A structurally broken array or inline table (misplaced commas, MisplacedArraySeparator / MisplacedInlineTableSeparator) or a bare inline-table entry (InvalidBareValueInInlineTable) can be fixed the same way: rebuild the value wholesale rather than splicing the stray tokens. To preserve an exact source spelling (underscores, hex casing), build the value with value.parse_value instead of a constructor.

If you also need to change the key, replace the whole pair with a freshly built node. Note that build_kv mints a fresh node and drops the original’s comments:

let new_kv = cst.build_kv(key: "host", value: value.to_cst(value.string("localhost")))
let assert Ok(tree) = cst.replace(tree, path: [KeySegment("broken")], new: new_kv)

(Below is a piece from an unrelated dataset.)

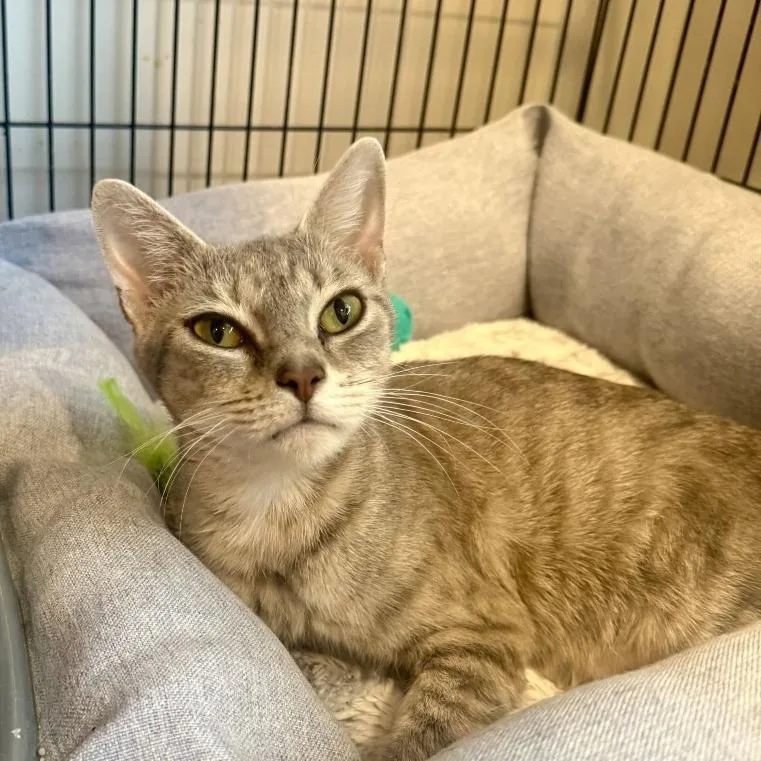 A young medium-sized female Gray / Blue / Silver Domestic Short Hair cat named Vixari for adoption in Louisville, KY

A key that collides with an ancestor

a = 1
[a.b]

This results in KeyIsScalar(key: "b", ..) because the header tries to descend through the scalar a. You must choose which definition survives: molt can’t guess. Drop the scalar so the table can stand:

let assert Ok(tree) = cst.delete(tree, path: [KeySegment("a")])

…or drop the conflicting descendant instead. KeyIsArray and KeyIsInlineTable work the same way; the error’s original span locates the ancestor.

A broken table header

[settings
verbose = true
timeout = 30

MalformedTableHeader (mismatched brackets, junk after ], …) and EmptyTableHeader ([]) only break the header. The body survives: in molt’s CST the key/value pairs are children of the Table node, so deleting the table throws its values away too. Salvage the body onto a fresh header instead.

import gleam/list
import greenwood.{NodeElement}

// Addressable as long as the header's key tokens survived parsing.
let assert Ok(bad) = cst.get(tree, path: [KeySegment("settings")])

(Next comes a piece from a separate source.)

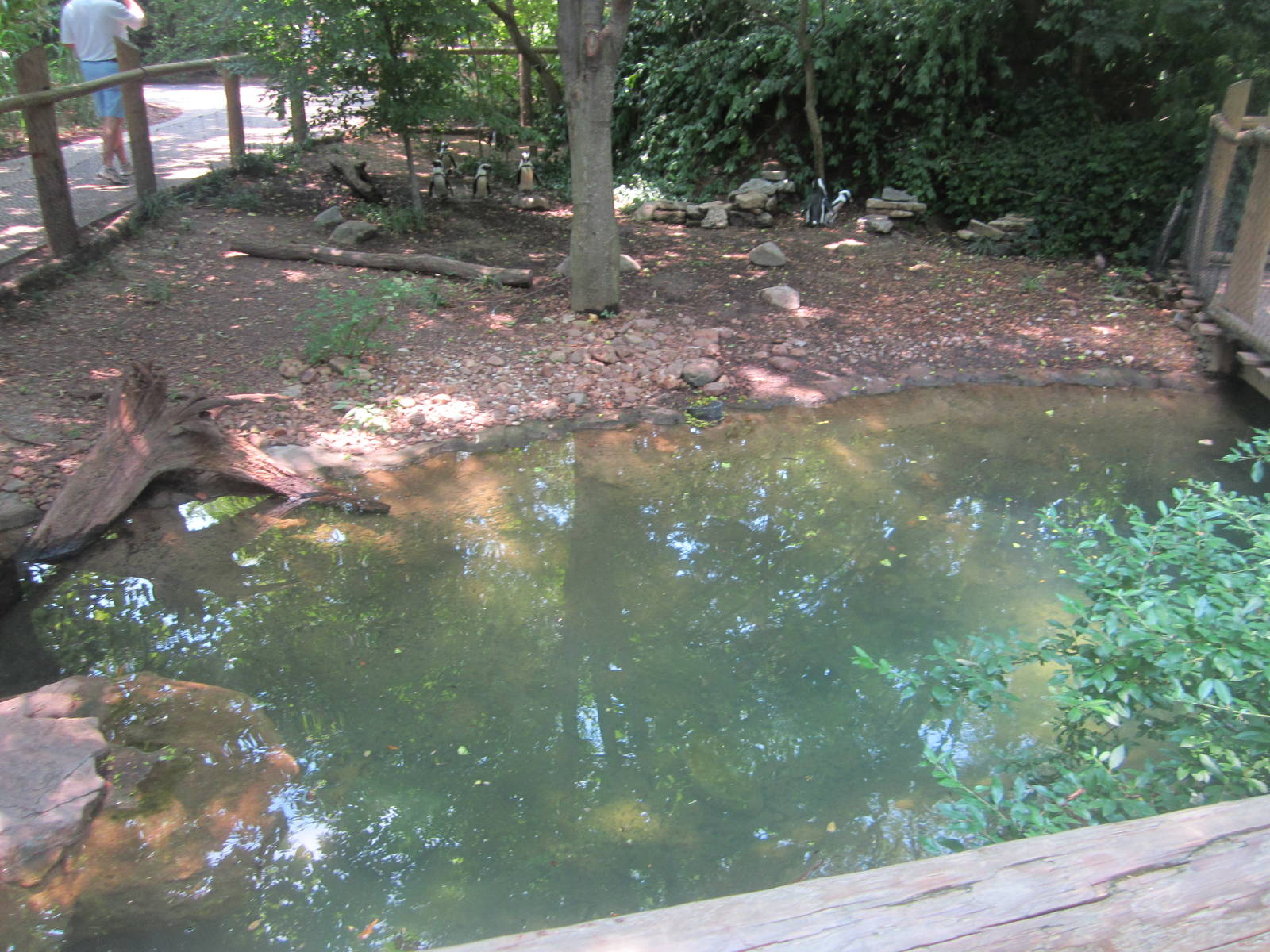 Jun. 2012-African penguin exhibit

// The body key/value nodes. Each keeps its own comments and formatting.
let body =
  list.filter(bad.children, fn(el) {
    case el {
      NodeElement(n) -> n.kind == types.KeyValue
      _ -> False
    }
  })

// Build a clean header and re-attach the salvaged body, unchanged.
let fixed =
  list.fold(body, cst.build_table(path: ["settings"]), fn(table, kv) {
    greenwood.append_child(in: table, child: kv)
  })

let assert Ok(tree) = cst.replace(tree, path: [KeySegment("settings")], new: fixed)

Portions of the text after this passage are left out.